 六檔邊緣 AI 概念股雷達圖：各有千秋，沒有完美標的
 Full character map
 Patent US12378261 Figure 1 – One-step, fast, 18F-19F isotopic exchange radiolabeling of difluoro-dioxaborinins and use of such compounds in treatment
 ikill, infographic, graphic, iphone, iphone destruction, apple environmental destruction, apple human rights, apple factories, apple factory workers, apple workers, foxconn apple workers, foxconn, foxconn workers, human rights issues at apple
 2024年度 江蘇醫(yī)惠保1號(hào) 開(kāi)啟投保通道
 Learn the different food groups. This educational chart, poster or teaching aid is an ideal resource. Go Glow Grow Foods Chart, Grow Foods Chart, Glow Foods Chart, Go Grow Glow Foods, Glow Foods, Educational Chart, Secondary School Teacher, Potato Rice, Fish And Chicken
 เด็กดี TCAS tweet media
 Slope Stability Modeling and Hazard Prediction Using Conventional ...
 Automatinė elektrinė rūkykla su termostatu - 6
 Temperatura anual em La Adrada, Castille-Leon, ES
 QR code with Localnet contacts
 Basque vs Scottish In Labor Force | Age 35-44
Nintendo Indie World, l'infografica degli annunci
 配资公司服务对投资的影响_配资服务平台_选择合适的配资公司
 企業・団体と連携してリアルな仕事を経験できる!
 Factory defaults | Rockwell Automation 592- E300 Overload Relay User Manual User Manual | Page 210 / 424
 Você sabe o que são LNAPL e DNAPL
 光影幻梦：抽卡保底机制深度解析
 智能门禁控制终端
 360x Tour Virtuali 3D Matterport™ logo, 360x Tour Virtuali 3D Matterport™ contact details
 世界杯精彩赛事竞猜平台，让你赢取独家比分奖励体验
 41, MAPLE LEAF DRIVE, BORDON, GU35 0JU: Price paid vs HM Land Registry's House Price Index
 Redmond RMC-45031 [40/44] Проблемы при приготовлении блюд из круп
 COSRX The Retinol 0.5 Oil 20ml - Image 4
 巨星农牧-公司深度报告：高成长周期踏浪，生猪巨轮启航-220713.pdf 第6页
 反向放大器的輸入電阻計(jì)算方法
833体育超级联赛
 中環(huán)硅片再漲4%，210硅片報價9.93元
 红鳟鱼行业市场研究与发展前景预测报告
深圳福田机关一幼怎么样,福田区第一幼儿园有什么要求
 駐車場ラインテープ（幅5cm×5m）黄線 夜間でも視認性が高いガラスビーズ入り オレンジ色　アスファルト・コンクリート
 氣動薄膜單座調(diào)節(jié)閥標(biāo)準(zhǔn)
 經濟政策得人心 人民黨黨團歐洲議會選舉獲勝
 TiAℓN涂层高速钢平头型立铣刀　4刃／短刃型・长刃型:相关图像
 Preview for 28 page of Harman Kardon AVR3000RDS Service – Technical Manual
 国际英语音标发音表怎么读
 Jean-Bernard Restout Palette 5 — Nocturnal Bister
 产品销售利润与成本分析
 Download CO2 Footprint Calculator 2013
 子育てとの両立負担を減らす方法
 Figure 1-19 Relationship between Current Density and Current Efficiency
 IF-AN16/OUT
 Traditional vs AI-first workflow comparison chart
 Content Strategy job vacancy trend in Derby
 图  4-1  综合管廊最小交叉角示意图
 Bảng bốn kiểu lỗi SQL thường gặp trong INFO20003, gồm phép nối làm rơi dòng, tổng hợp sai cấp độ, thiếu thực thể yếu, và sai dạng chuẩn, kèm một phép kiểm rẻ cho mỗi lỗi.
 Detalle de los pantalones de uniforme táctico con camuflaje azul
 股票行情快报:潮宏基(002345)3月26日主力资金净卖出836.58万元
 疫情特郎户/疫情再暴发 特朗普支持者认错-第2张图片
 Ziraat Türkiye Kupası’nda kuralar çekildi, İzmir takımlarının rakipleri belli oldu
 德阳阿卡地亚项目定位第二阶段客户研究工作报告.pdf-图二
•••••
• _Task to complete_: A verbatim copy of the listing above, starting from the line with "巨星农牧-公司深度报告：高成" and running to its last line, is the only output needed.

• _Solution below_:
 巨星农牧-公司深度报告：高成长周期踏浪，生猪巨轮启航-220713.pdf 第6页
 反向放大器的輸入電阻計(jì)算方法
833体育超级联赛
 中環(huán)硅片再漲4%，210硅片報價9.93元
 红鳟鱼行业市场研究与发展前景预测报告
深圳福田机关一幼怎么样,福田区第一幼儿园有什么要求
 駐車場ラインテープ（幅5cm×5m）黄線 夜間でも視認性が高いガラスビーズ入り オレンジ色　アスファルト・コンクリート
 氣動薄膜單座調(diào)節(jié)閥標(biāo)準(zhǔn)
 經濟政策得人心 人民黨黨團歐洲議會選舉獲勝
 TiAℓN涂层高速钢平头型立铣刀　4刃／短刃型・长刃型:相关图像
 Preview for 28 page of Harman Kardon AVR3000RDS Service – Technical Manual
 国际英语音标发音表怎么读
 Jean-Bernard Restout Palette 5 — Nocturnal Bister
 产品销售利润与成本分析
 Download CO2 Footprint Calculator 2013
 子育てとの両立負担を減らす方法
 Figure 1-19 Relationship between Current Density and Current Efficiency
 IF-AN16/OUT
 Traditional vs AI-first workflow comparison chart
 Content Strategy job vacancy trend in Derby
 图  4-1  综合管廊最小交叉角示意图
 Bảng bốn kiểu lỗi SQL thường gặp trong INFO20003, gồm phép nối làm rơi dòng, tổng hợp sai cấp độ, thiếu thực thể yếu, và sai dạng chuẩn, kèm một phép kiểm rẻ cho mỗi lỗi.
 Detalle de los pantalones de uniforme táctico con camuflaje azul
 股票行情快报:潮宏基(002345)3月26日主力资金净卖出836.58万元
 疫情特郎户/疫情再暴发 特朗普支持者认错-第2张图片
 Ziraat Türkiye Kupası’nda kuralar çekildi, İzmir takımlarının rakipleri belli oldu
 德阳阿卡地亚项目定位第二阶段客户研究工作报告.pdf-图二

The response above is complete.